Dear Qubes Community,
We have just published a new article:
"Improvements in testing and building: GitLab CI and reproducible builds"
by Marek Marczykowski-Górecki
https://www.qubes-os.org/news/2021/02/28/improvements-in-testing-and-building/
For those using plain text email, the original Markdown source is
reproduced below:
---
layout: post
title: "Improvements in testing and building: GitLab CI and reproducible
builds"
categories: articles
author: Marek Marczykowski-Górecki
---
Over the last couple of months, we have made some significant changes to
two important parts of the Qubes development process: testing and building.
What are continuous integration (CI) and reproducible builds?
--------------------------------------------------------------
Automated testing is a major part of the software development process.

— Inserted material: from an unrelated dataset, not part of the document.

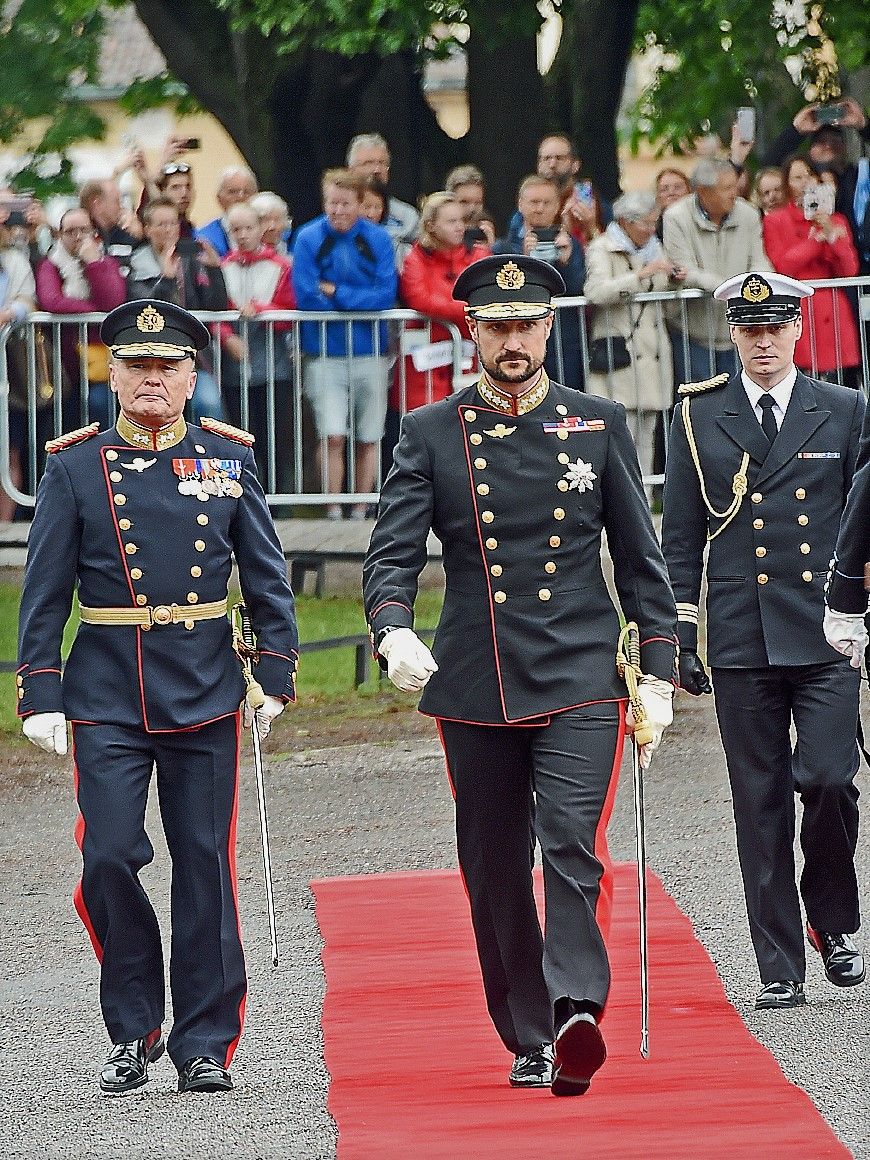 Le Prince Héritier Haakon Inspecte La Garde Royale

It spares developers many, many hours of manual testing that would still
miss some bugs and other problems. In Qubes development, we're using an
approach called "continuous integration" (CI), in which local changes
made by the developers are frequently merged and tested remotely, using
dedicated automated testing solutions. This is very important both for
maintaining consistent code quality (all changes are tested) and for
making development easier for the developers. Testing Qubes is not easy.
Since Qubes is an entire operating system, doing the testing on the same
system in which you're developing is a bit like building a rocket
landing system en route to Mars --- not impossible, but very stressful.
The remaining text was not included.